- Aim of the task
Say how many lines of the listing below include the string "para" and add nothing else.

- Records provided
• • • • •

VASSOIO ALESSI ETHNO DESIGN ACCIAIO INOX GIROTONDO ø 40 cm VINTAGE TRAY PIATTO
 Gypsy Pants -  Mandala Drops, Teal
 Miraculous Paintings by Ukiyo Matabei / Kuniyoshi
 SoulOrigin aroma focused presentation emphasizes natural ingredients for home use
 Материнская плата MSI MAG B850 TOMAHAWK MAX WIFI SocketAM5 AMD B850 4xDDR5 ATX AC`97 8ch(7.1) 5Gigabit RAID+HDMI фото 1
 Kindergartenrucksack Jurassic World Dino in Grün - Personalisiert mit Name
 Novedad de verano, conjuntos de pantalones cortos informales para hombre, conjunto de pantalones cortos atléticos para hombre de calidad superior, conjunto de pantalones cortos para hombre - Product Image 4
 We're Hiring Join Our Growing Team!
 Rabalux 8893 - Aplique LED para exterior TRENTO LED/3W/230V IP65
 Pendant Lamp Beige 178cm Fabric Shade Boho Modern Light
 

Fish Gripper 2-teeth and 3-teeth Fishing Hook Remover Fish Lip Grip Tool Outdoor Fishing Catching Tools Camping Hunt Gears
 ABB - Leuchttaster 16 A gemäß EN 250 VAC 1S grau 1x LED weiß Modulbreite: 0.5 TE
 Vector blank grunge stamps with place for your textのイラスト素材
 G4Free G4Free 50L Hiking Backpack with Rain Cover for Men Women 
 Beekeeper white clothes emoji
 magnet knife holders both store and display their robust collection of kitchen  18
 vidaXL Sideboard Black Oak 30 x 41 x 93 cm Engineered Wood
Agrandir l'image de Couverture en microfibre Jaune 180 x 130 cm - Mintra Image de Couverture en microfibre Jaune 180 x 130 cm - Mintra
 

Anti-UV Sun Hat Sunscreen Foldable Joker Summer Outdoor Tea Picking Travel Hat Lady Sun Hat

• • • • •

- Solution for this problem
2